The plan accepts that energy from crops, trees and waste can make a strong contribution to reducing greenhouse gas emissions and sets out
12 key ways to make this happen.
Measures include a capital grant scheme for biomass boilers; the establishment of a new Biomass Energy Centre to provide expert information and advice, along with further grant support for biomass supply chains and a commitment to consider using biomass heating in government buildings.
The report, launched by ministers from Defra and the DTI, forms the government's response to the Biomass Task Force, which made a package of recommendations in October.
Its main argument - that biomass is particularly suited for generating heat is accepted by the government, though the action plan makes clear that electricity generated from biomass and combined heat and power (CHP) are also an important part of its future.
Lord Bach, Defra's minister for sustainable farming and food, said:
'There is enormous potential in biomass, to generate renewable energy, to help the environment and to provide another possible market for our farmers.
'We know that biomass is not the answer to every issue facing us but we should be getting much more from this valuable resource.

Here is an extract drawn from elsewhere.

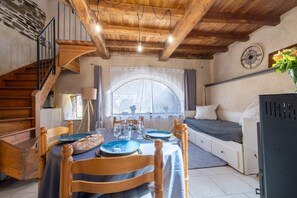 A cozy room with a wooden staircase, a dining table set with plates and glasses, a bed with pillows, and a clock on the wall. - Gîte de l'Escoutal 2/4 persons (LE BLEYMARD)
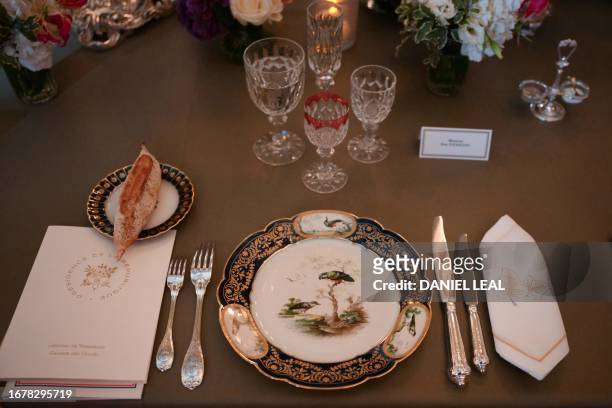 Photo shows a dinner set ahead of a state banquet at the Palace of Versailles, west of Paris, on September 20 on the first day of a British royal...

'This action plan provides us with a clear path forwards. It has been drawn up by a cross-government team, building on the excellent work done by the Biomass Task Force.'
Minister for energy, Malcolm Wicks, added: 'The plans we are announcing and the Biomass strategy that is being developed will supplement initiatives such as the DTI's Low Carbon Building programme and the bioenergy capital grants scheme to further increase the use of biomass technology.
'We are aiming for 10% of our electricity to come from renewable sources by 2010 and double that by 2020 so biomass will have an increasingly important role to play in the UK's future energy mix.'
The Biomass Task Force made 42 recommendations to government. The government's response accepts most of these, setting out plans for implementing them. A number of initiatives have already begun.
The task force's recommendation that the government should not pursue a renewable heat obligation will be considered further and the evidence reviewed.
The action plan is primarily for England. However the devolved administrations of Northern Ireland, Scotland and Wales have helped in its development and it will also contribute to a UK biomass strategy, which will be published in the next year.
The full report is available here or by linking from Defra's biomass page at http:www.defra.gov.uk/farm/acu/energy/biomass-taskforce
1. The government's Response to the Biomass Task Force Report has been produced by a cross-Government working group, led by Defra and the DTI.
2. Key points are:
* A new 5 year capital grant scheme for biomass boilers, with funding of£10 -£15 million over the first two years and a second round of the Bio-energy Infrastructure Scheme, with funding at, or close to the level, proposed by the Task Force (announced in the Climate Change Programme Review);
* Agreement in principle to support for energy crops under the new Rural Development Programme for England to be introduced in 2007, closely integrated with bioenergy market development;
* Announcement of the Forestry Commission's new Biomass Energy Centre as a major new hub for bioenergy advice and best practice for industry and the public;
* Further measures to integrate environmental assessment in the planning of energy crop development;
* Government leadership through public procurement, including the commitment to map the potential use of biomass across the main procuring departments of the government estate;
* Working with regional development agencies and other organisations to ensure effective, coordinated mechanisms for delivery of policy and advice;
* Action already taken, since publication of the Task Force report, to improve the Renewables Obligation and implementation of the associated procedures;
* Use of the planning system to stimulate renewables development, including our support for planning authorities applying a minimum percentage of renewable energy in new developments;
* Action to address regulatory barriers identified by the task force and to develop standards to improve efficacy and confidence in biomass;
* Our thinking on the use of energy from waste, which is subject to conclusions from the current review of Waste Strategy and the Energy Review;
* Support for the EU Biomass Action Plan and agreement on UK membership of the Global Bioenergy Partnership from its launch in May 2006.
* The introduction of new Building Regulations, from April 2006, with
new procedures and tougher standards which will encourage the use
of Low or Zero Carbon (LZC) systems, such as biomass.
3. The Biomass Task Force, chaired by Sir Ben Gill, reported to Government in October 2005. Full report is available here:
4. Biomass currently accounts for 84 per cent of Britain's renewable energy generation and 1.4 per cent of total energy generation.